Go through the entries below from the first line and output each one exactly, up to and including the line with "A street parade with colored banners".

--- --- ---

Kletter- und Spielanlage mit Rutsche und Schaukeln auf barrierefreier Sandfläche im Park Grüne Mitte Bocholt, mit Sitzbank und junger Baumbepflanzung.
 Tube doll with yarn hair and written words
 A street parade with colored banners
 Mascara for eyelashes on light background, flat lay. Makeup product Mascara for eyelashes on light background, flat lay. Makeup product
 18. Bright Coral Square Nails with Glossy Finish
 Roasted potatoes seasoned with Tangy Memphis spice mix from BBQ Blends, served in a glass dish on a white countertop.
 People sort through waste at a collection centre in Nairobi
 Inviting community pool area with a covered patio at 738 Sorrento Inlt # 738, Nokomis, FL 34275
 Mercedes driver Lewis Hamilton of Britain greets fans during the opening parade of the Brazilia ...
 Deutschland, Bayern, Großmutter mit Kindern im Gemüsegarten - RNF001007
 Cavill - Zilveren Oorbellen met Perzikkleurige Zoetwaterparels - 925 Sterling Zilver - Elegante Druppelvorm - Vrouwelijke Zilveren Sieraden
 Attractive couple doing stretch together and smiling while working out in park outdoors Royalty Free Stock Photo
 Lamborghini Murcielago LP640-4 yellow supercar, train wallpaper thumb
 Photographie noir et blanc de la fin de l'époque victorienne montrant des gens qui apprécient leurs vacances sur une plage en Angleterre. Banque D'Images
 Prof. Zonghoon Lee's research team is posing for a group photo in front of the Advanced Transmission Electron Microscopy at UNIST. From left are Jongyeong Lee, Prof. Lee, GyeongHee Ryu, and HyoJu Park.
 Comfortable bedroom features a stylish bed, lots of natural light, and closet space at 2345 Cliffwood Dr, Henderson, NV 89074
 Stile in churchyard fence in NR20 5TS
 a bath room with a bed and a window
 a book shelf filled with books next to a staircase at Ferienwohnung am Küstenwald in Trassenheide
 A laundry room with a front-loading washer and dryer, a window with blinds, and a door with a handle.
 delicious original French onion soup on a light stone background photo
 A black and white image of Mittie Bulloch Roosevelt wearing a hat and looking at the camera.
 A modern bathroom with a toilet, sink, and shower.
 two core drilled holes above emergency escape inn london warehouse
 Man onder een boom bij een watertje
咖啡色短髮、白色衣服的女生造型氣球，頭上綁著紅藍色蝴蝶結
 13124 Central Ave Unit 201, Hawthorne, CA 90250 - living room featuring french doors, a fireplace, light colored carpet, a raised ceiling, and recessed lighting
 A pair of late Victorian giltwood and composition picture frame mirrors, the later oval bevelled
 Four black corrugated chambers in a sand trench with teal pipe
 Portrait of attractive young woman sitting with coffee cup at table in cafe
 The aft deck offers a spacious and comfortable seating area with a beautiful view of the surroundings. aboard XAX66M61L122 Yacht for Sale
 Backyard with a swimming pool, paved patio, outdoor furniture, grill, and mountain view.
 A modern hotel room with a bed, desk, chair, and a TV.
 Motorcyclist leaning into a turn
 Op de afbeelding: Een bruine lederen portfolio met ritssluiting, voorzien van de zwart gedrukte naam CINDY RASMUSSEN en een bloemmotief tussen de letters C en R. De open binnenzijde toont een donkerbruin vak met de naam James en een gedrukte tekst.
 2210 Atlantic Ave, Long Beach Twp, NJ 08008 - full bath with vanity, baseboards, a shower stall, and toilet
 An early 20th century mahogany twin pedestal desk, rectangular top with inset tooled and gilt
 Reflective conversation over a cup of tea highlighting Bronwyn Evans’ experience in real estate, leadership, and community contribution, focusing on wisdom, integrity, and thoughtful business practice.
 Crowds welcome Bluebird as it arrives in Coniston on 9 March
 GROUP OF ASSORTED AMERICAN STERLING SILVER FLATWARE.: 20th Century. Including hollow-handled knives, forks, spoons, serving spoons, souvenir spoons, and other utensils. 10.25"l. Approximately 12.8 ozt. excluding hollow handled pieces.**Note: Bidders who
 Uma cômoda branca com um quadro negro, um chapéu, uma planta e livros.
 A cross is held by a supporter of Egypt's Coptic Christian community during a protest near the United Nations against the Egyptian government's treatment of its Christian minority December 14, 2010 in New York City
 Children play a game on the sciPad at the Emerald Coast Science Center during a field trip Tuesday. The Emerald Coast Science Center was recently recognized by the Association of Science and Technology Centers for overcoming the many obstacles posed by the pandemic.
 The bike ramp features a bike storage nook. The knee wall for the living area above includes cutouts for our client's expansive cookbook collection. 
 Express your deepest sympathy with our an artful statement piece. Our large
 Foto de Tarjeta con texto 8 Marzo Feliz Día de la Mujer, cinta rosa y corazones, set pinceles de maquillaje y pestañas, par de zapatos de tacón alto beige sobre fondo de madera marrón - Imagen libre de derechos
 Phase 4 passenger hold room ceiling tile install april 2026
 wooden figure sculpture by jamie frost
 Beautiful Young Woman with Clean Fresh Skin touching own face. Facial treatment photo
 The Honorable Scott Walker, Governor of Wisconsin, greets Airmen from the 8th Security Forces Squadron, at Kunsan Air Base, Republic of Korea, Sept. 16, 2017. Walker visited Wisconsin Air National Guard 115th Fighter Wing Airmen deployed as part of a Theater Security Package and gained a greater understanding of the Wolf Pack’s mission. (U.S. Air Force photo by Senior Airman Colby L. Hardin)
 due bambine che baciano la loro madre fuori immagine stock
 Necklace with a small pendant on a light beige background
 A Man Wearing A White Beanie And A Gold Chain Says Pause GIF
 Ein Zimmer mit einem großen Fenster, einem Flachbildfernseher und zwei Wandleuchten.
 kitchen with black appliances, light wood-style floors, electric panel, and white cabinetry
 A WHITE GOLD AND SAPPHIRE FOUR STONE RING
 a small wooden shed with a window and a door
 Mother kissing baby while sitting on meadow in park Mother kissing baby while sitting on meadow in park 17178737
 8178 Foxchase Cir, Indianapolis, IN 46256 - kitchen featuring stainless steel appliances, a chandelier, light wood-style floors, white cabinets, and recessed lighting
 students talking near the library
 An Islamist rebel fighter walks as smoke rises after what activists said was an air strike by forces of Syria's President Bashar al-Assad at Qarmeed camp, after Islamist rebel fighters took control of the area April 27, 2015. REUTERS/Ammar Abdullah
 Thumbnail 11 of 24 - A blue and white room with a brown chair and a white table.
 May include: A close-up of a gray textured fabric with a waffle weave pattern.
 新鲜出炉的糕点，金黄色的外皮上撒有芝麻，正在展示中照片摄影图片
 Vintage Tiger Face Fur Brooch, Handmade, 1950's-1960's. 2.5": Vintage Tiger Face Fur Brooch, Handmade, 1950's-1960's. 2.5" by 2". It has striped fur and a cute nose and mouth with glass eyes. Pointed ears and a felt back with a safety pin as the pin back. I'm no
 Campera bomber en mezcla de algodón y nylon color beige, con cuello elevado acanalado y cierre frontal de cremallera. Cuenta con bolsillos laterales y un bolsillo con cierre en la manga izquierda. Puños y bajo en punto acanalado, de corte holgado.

--- --- ---

- [ANSWER TO THIS EXERCISE]:
Kletter- und Spielanlage mit Rutsche und Schaukeln auf barrierefreier Sandfläche im Park Grüne Mitte Bocholt, mit Sitzbank und junger Baumbepflanzung.
 Tube doll with yarn hair and written words
 A street parade with colored banners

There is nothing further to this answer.